Erste Ergebnisse der daily digital facts

Die Veröffentlichung von tagesaktuellen Daten durch die AGOF ermöglicht eine detailliertere und hocherwertigere Mediaplanung. Ab Herbst erfolgt die Publikation auf täglicher Basis.

Mit den "daily digital facts" stehen der AGOF ab sofort Daten für einzelne Tage zur Verfügung. Die neue Studie, die die bisherige digital facts der AGOF ablöst, ermöglicht darüber hinaus die Auswahl individueller Zeiträume. So können jetzt zum ersten Mal Events, wie z.B. Feiertage, Weltmeisterschaften oder politische Ereignisse im Detail betrachtet und analysiert werden.

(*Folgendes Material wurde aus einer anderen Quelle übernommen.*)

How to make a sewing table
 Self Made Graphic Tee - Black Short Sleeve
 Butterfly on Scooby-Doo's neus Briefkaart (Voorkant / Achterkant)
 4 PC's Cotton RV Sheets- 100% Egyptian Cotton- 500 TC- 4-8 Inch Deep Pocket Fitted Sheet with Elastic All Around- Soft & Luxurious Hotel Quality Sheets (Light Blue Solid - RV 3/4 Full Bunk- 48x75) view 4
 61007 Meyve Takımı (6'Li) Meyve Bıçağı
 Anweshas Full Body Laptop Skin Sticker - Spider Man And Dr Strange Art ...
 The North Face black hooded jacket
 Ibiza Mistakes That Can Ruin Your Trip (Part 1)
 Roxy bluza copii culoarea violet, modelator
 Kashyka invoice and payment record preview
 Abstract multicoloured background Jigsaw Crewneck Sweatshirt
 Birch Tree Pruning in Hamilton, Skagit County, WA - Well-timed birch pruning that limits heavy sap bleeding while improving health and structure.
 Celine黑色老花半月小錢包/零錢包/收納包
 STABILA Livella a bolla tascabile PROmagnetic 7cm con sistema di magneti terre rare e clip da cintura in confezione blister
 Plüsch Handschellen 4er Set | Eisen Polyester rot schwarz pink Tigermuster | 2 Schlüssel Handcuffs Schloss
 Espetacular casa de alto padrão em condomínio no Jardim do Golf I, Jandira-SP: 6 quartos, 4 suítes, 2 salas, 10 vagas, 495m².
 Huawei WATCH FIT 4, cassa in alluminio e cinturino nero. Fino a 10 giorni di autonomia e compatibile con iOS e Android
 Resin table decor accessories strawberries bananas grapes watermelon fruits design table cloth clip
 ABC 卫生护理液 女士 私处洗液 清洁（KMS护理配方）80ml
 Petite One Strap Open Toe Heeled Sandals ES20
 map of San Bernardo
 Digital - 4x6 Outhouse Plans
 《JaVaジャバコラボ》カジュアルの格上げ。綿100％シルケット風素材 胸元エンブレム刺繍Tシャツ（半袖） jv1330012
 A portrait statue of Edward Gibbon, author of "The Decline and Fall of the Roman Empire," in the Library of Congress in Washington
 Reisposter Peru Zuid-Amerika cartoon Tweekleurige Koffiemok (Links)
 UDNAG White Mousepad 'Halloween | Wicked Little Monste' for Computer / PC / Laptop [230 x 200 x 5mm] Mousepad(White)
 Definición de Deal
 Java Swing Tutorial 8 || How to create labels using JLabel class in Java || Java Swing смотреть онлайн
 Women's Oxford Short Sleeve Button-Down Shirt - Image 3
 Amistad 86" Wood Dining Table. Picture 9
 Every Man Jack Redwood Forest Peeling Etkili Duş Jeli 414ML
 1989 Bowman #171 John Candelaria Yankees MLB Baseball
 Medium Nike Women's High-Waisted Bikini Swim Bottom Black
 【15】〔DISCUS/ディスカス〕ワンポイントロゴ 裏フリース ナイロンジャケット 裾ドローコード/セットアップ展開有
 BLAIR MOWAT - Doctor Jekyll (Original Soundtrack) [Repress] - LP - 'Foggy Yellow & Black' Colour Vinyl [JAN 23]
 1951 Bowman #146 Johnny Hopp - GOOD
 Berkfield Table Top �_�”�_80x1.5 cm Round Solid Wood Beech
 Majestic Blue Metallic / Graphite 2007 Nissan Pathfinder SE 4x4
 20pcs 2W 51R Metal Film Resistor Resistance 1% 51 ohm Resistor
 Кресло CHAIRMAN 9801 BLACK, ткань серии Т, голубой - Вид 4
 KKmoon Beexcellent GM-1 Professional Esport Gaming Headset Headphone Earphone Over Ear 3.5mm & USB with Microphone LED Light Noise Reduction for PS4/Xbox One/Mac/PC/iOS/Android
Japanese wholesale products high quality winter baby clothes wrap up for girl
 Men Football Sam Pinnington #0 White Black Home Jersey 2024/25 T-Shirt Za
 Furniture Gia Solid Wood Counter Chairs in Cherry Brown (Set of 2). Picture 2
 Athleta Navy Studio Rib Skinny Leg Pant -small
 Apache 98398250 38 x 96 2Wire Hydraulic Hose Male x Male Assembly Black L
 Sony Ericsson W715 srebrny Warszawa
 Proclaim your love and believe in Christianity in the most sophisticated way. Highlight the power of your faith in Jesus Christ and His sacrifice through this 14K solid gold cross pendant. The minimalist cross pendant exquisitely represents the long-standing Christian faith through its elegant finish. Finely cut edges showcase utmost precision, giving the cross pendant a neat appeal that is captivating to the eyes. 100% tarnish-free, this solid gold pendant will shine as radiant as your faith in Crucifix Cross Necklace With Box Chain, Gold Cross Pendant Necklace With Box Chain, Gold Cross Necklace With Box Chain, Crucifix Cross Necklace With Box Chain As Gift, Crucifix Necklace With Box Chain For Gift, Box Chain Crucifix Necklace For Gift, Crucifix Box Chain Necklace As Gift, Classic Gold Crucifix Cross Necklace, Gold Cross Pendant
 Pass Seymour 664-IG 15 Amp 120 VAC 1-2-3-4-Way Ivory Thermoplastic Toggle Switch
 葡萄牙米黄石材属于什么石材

Damit novelliert die AGOF ihre qualitativ-hochwertige Planungsgrundlage und macht besonders die Schnelligkeit und Wandelbarkeit des digitalen Mediums sichtbar. Denn vor allem im Internet verändern sich täglich - je nach aktuellen Ereignissen oder Bedürfnissen - Nutzer und Nutzungsverhalten auf der einen, sowie Inhalte und Services auf der anderen Seite. Diese Entwicklungen lassen sich anhand der AGOF Daten nun zeitnah und in allen Einzelheiten nachvollziehen, die damit einmal mehr Qualität und Planungssicherheit für die digitale Mediaplanung schaffen. Mit der ersten Ausgabe der daily digital facts stehen Daten von April bis Juli 2017 zur Verfügung. Für eine Übergangs- und Eingewöhnungszeit werden die Einzeltage eines Monats zu Beginn des Folgemonats veröffentlicht, bevor voraussichtlich noch diesen Herbst auf eine tägliche Veröffentlichung der AGOF Daten umgestellt wird.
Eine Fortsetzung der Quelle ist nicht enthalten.